Welfare

Un F35 in meno non basta

di Flaviano Zandonai

Meno F35 e più welfare. Si ripropone, anche sulle colonne (virtuali) di Vita, un classico dell’advocacy civile: tagliare le voci di spesa pubblica che, secondo i promotori, generano negatività e destinare i risparmi per soddisfare bisogni che incidono più da vicino sulla qualità della vita delle persone e delle comunità.

Il problema è se questa sorta di scambio funziona. Ovvero se è efficace sia nell’attività di lobby sui decisori, sia nell’interlocuzione con la più ampia opinione pubblica per creare consenso in merito a un diverso utilizzo dei fondi pubblici. L’impressione è che se funziona, ciò avviene soprattutto a corto raggio. Rafforza soprattutto le convinzioni di chi è già in qualche modo convinto, ma lo scambio tra cacciabombardieri e servizi sociali è ben lontano dal raggiungere l’effetto sperato. Prova ne è il fatto che questo governo “vampiresco” è sostenuto, tra gli altri, da partiti animati da orientamenti favorevoli a ridimensionare (o addirittura eliminare) la spesa per gli F35 per avere in cambio più risorse per il welfare. Ma i risultati – almeno per ora – non si vedono.

Le cause di questa situazione sono diverse. Ad esempio il fatto che manca un rapporto diretto tra elettori ed eletti e quindi è difficile impostare campagne di sensibilizzazione e di protesta che abbiano destinatari precisi. E questo succede sia per un deficit culturale, sia per cause contingenti come l’attuale legge elettorale che, in questo senso, è proprio un autentico “porcellum”. Esistono poi i ben noti problemi legati alla rappresentanza delle organizzazioni della società civile, ma non del comparto in sé, quanto delle tematiche che dovrebbero assumere uno status di autentico “interesse generale”. Ed è forse per questo che da più parti si assiste a tentativi, a volte soprendenti (per usare un eufemismo), di “chiamata a raccolta” del terzo settore da parte di persone e organizzazioni che, almeno in via teorica, dovrebbero occuparsi d’altro.

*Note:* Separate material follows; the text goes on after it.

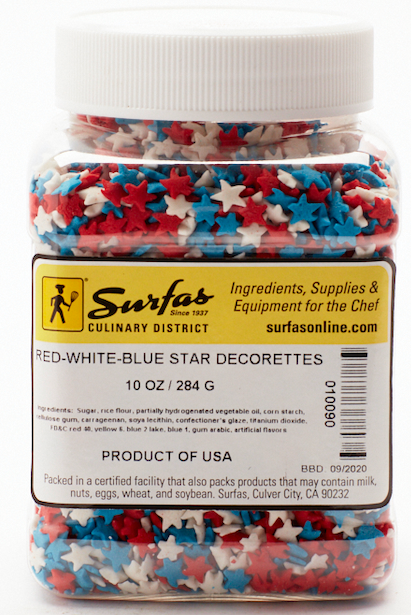 Red, White & Blue Star Decorettes 10oz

Occorre forse una proposta più sofisticata e insieme più realistica. Che muova da quel che i proponenti sono effettivamente in grado di mobilitare, anche al loro interno. Per questo, oltre a reclamare minori spese militari, è meglio agire a più corto raggio evidenziando in primo luogo gli elementi di valore creato. Interessanti, ad esempio, i dati forniti dalla cooperazione sociale sull’effetto generato dall’aumento dell’Iva per i servizi sociali in termini di aumento delle spese per amministrazioni pubbliche e per i cittadini acquirenti. Dati più difficili da comunicare, ma a mio avviso più convincenti rispetto all'”operazione F35″. In secondo luogo si può agire su riallocazioni della spesa a corto raggio – da un capitolo all’altro della stessa macro voce – e soprattutto individuare modelli di servizio più efficienti e capaci di mobilitare risorse proprie a cofinanziamento. Una revisione della propria spesa insomma. Prima che ci pensi il vampiro.